Ed SMITH

  • Ed Smith is a member of the National Academy, a Guggenheim Fellow in Sculpture and Drawing and a member of the Royal British Society of Sculptors. His work is represented in public and private collections in the United States and abroad. These include The British Museum, The Royal Museum of Fine Arts, Antwerp Belgium, Ministry of the Flemish Community, The Hood Museum, the Davis Museum, Yale University, the National Academy Museum and many more.

    He has over 80 one person exhibitions and innumerable group exhibitions which include, the Queens Museum, Brooklyn Museum, The Royal Scottish Academy, Edinburgh Scotland, Hillwood Art Museum, Caversham Press South Africa, Fleming Museum, Schenectady Museum, The Albright Knox Museum, the Albrecht-Kemper Museum, The Arkell Museum and many others.

    His work has been written about and reviewed in the New York Times, Sculpture Magazine, The Baltimore Evening Sun, Art News, the Miami Herald, The Albany Times Union, Giornale Dell’Arte, San Francisco Examiner, Art New England, and many others.

    Currently, Gallery Director, Director of Marist Venice Biennale Program, and Professor of Art at Marist College, Ed Smith has been a Visiting Artist, Lecturer, Artist–in-Residence, Professor, and Distinguished Visiting Artist at American University, Bennington College, Bard College, Brandeis University, Boston University, Clark University, Dartmouth College, Dia Art Center, Kansas State University, Lacoste School of the Arts in France, New York Studio School, Parsons School of Art, Pratt Institute, Swathmore College, School of Visual Arts, Trumbull College, Yale University, University of New Hampshire, University of Pennsylvania, Vermont Studio Center, University of Tel Aviv, Israel, Glasgow School of Art and many, many others.

    Awards and honors include awards for Teaching Excellence, National Foundation for the Advancement in the Arts, Teaching Excellence Marist College, Ford Foundation Grant, First Alternate Prix de Rome, Fulbright Award, Associate Fellow Trumbull College, Yale University, NY State Council on the Arts and others.

    His work is primarily involved with mythic and heroic aspects of the Artist and man.

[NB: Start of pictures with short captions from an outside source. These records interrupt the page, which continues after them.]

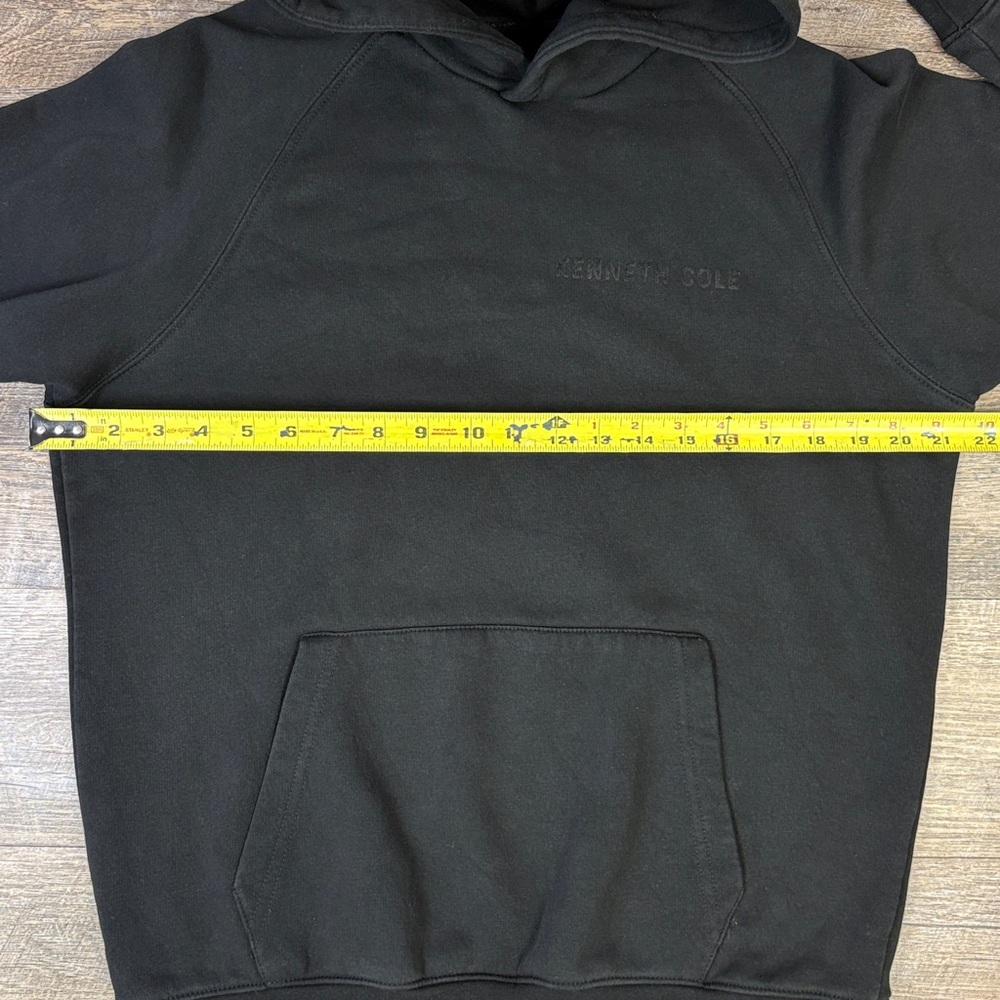 Kenneth Cole New York Black Pullover Hoodie – Size Medium - Picture 6 of 7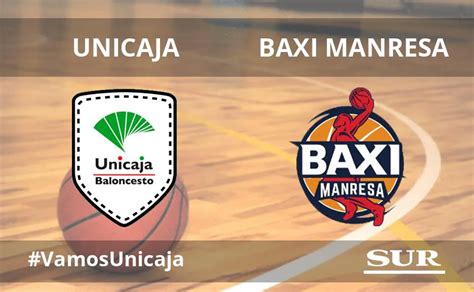 Directo Unicaja Baxi Manresa Jornada 32 Liga Endesa Miércoles 3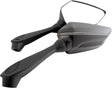 KOSO Sprint Mirrors PR Black - Fits M8 and M10 Motorcycles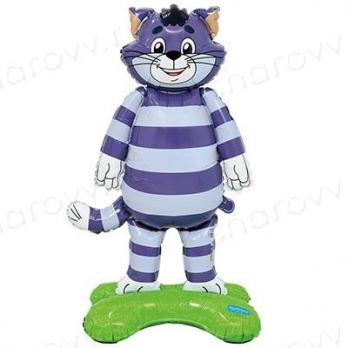 Шар на подставке "Простоквашино Матроскин"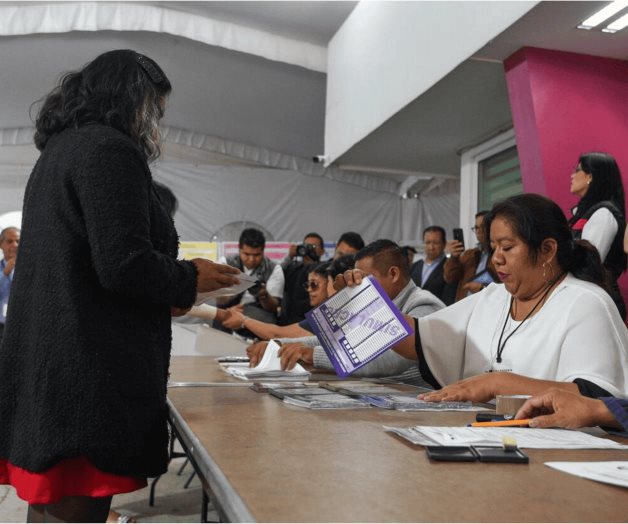Elige México al Poder Judicial en inéditas elecciones Elige México al Poder Judicial en inéditas elecciones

  • My work is based on myths and in heroism.

    The need for a monument or the remembrance of a standing figure has not passed.

    Previously they were in city squares, homes, offices, cemeteries and other places, remembering great deeds, great men and actions. They called to mind a remembrance of those things to the populace, asking of them to aspire to something. They embodied dreams and hopes of men, cities, states and countries.

    The work I submit to you is a memory of that past. These figures are real, some more abstract than others but all referencing that thing undying, the human form. And our individuality……….They commemorate the past, present and future to say Man/Woman was here. Great things can happen in the present to inspire…….. Like a standing figure fighting gravity with the need, the urgent need to stand upright. These characters are very similar to us; they are funny, witty, pathetic, noble and more. They are just as we are. They are our images.

    These bronzes bring into focus what we overlook and they create a sense of historical continuity with the great art of the past in particular Rodin, Tetrode, Giambologna and more. They are fragments;”partials”, but they always reference the body and the nobility of the standing figure, be they god or man. There is greatness in that fight against gravity.

    My work is primarily involved with the mythic and heroic aspects of the Artist and by extension mankind. It isn’t fashionable or ironic. I realize my work can be tough at times, "dark" maybe; this is because it reflects the "human condition". Let me assure you there is no Irony here……….

    I believe this and trust that a caring eye, through time, will see this as noble and courageous. I am a Romantic and I make no apologies. I do this work from a desire to tell a story and produce something epic. Nonetheless these drawings are all based upon Heroism, the life of the Artist and the struggle in contemporary life to do and create something of worth.

    They are reminders of the heroism that is still possible. But if all that you glean from this work is simply this, then that is enough; They reveal the determination of a man’s life.